RECORD EXTRACTS:
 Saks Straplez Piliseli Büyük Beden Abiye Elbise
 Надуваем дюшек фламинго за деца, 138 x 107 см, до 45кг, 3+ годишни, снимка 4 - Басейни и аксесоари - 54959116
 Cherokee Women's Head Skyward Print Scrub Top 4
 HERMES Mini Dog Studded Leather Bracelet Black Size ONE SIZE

---

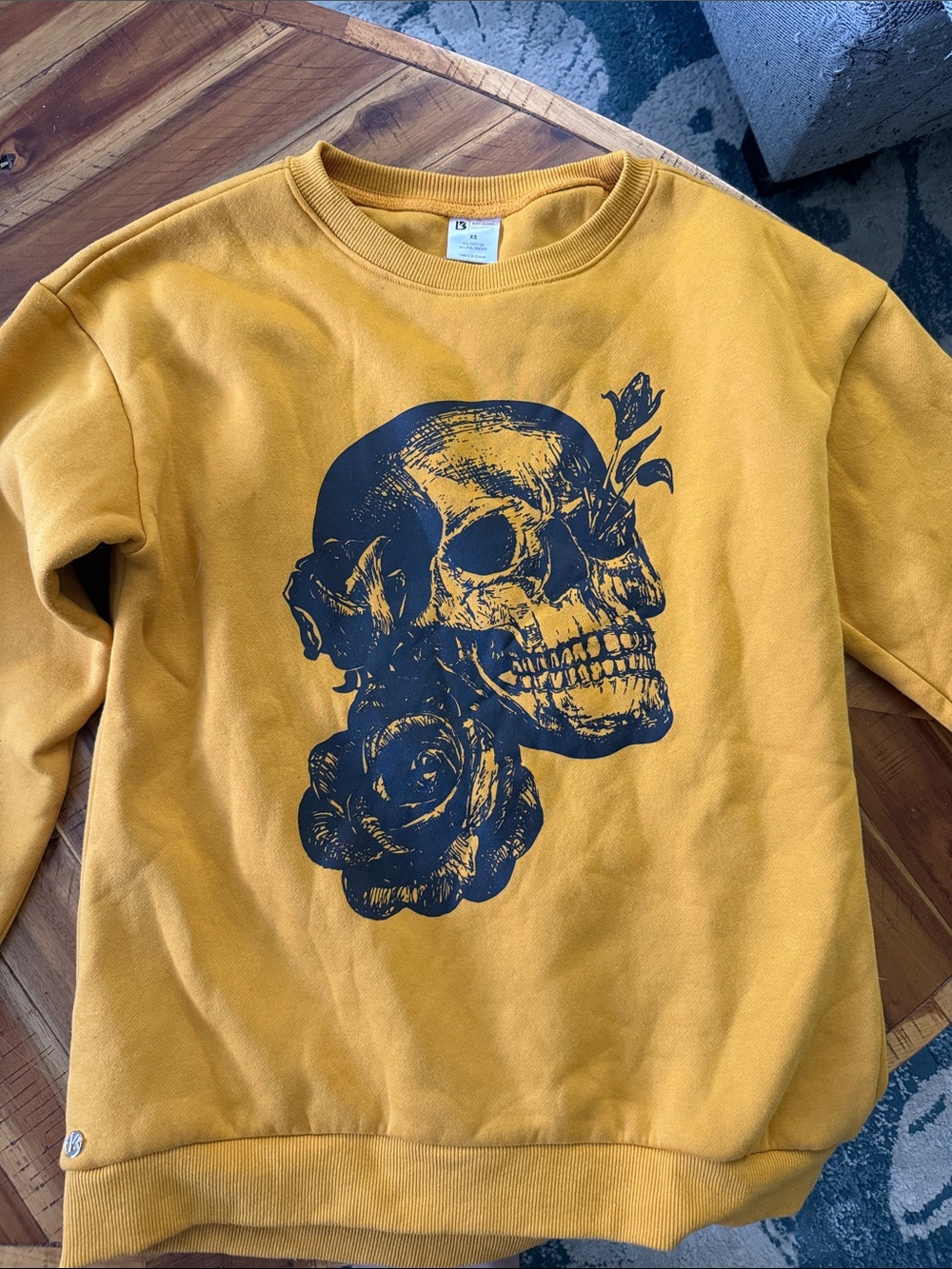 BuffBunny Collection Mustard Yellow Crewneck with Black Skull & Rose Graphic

* * *

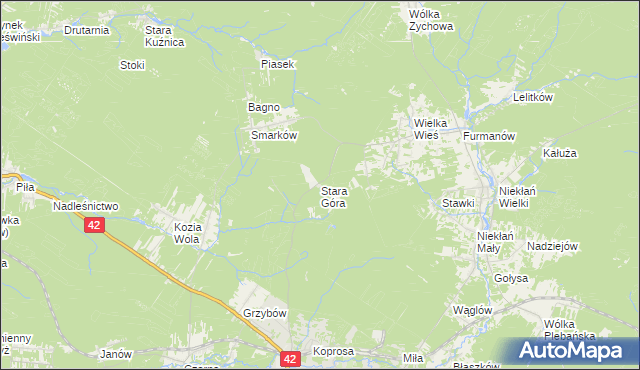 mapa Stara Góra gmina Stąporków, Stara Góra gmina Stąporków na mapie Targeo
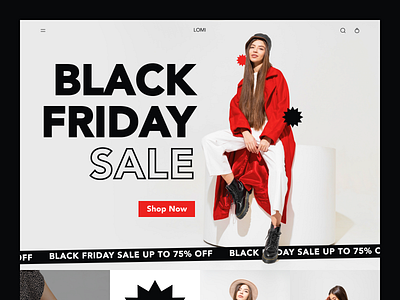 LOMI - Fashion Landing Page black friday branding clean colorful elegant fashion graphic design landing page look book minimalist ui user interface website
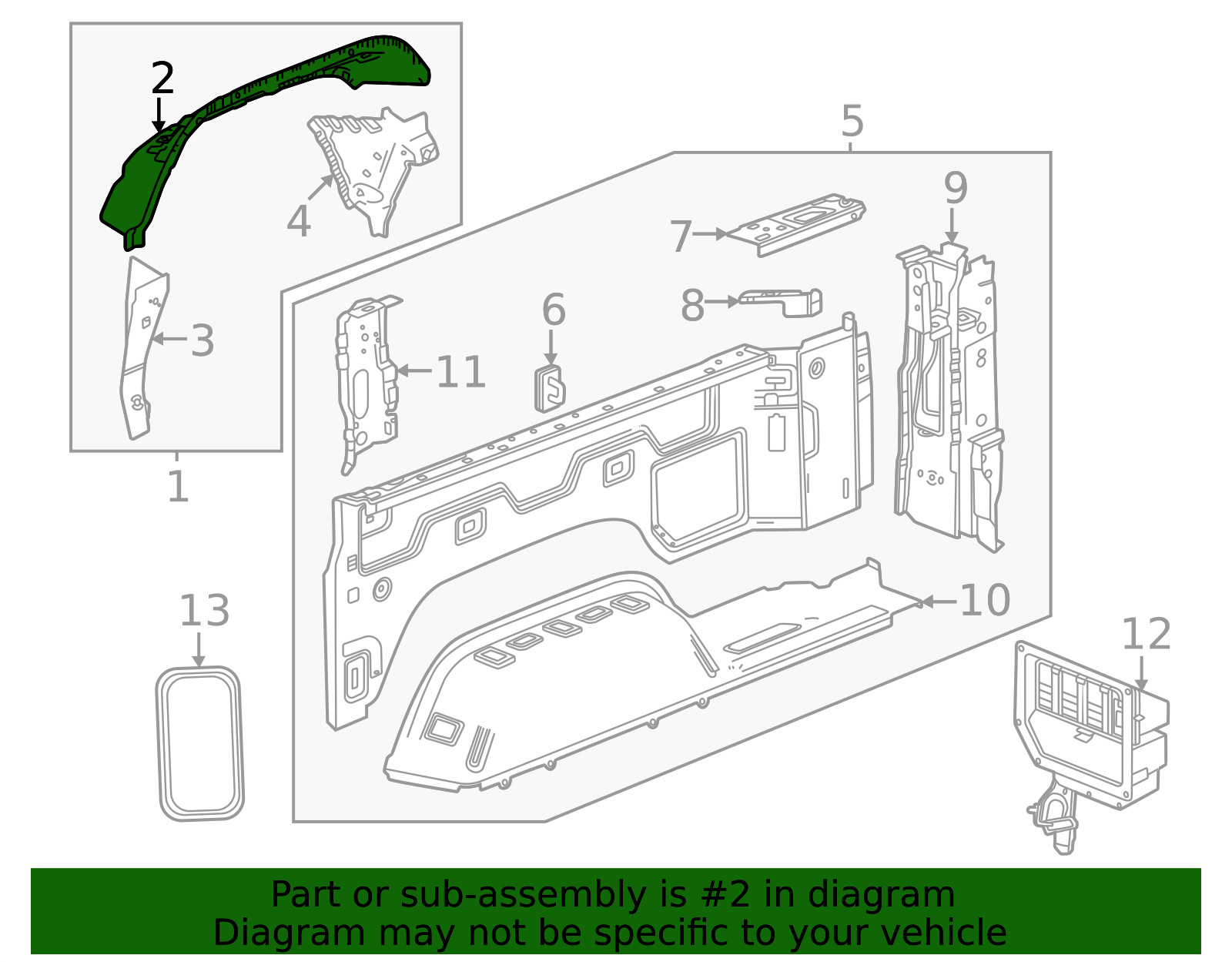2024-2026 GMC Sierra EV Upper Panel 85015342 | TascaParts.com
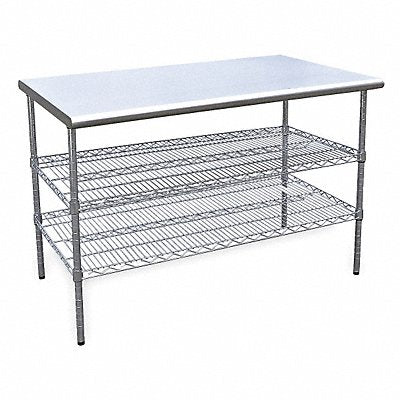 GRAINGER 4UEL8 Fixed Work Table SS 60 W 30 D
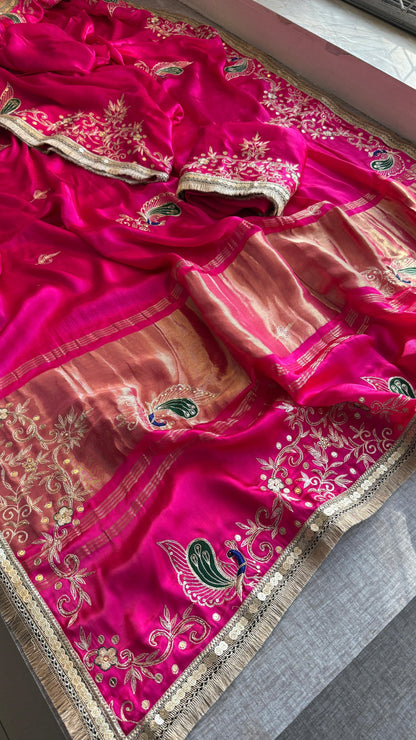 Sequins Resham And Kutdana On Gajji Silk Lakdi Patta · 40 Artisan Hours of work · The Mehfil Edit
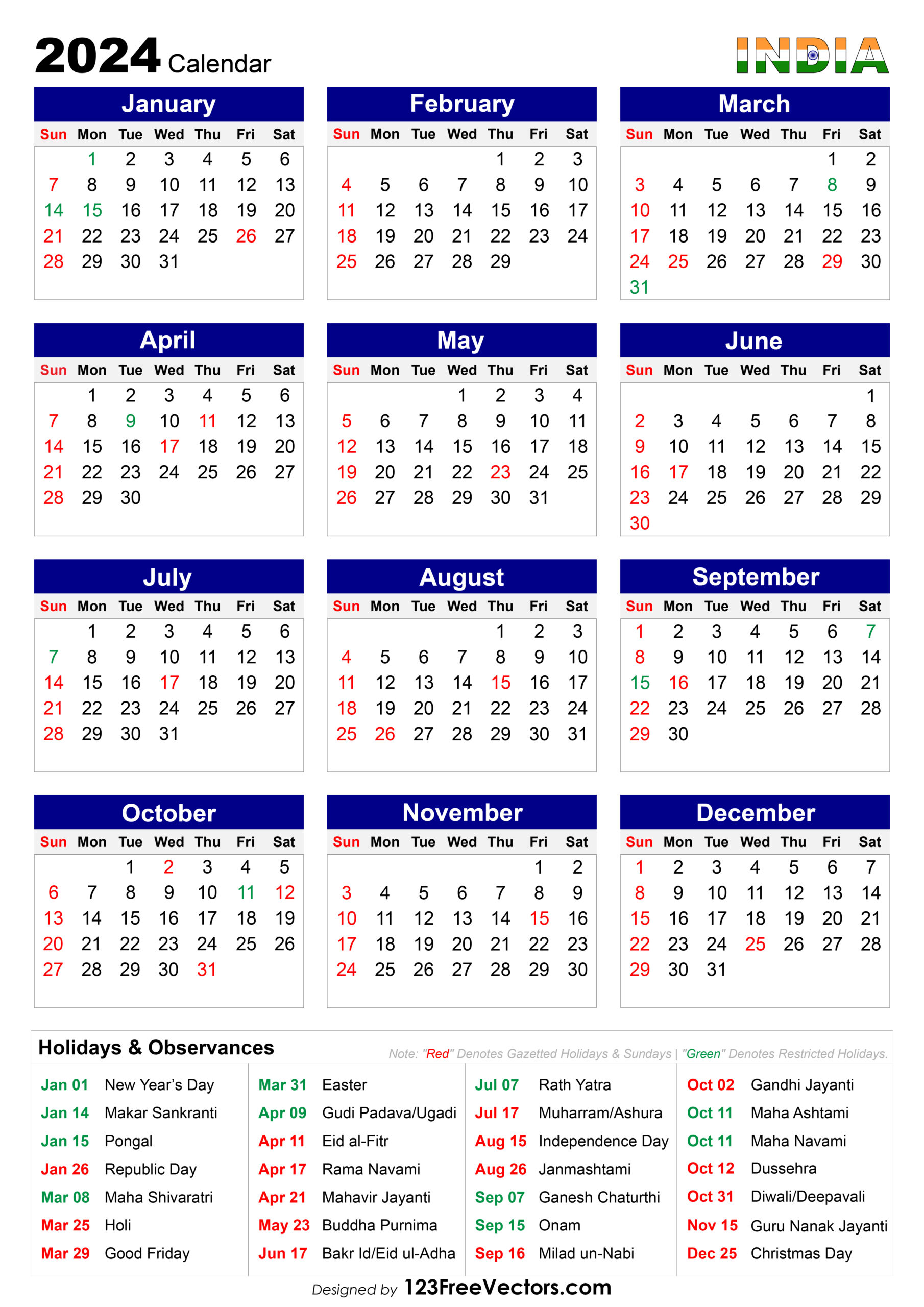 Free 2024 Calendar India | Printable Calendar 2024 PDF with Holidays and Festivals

ABOUT THIS TASK:
In the records above, everything from the line with "2024-2026 GMC Sierra" down to the line with "Free 2024 Calendar" must be duplicated exactly, both lines kept. Leave no pictures in.

SOLUTION TO THE PROBLEM:
2024-2026 GMC Sierra EV Upper Panel 85015342 | TascaParts.com
 GRAINGER 4UEL8 Fixed Work Table SS 60 W 30 D
 Sequins Resham And Kutdana On Gajji Silk Lakdi Patta · 40 Artisan Hours of work · The Mehfil Edit
 Free 2024 Calendar India | Printable Calendar 2024 PDF with Holidays and Festivals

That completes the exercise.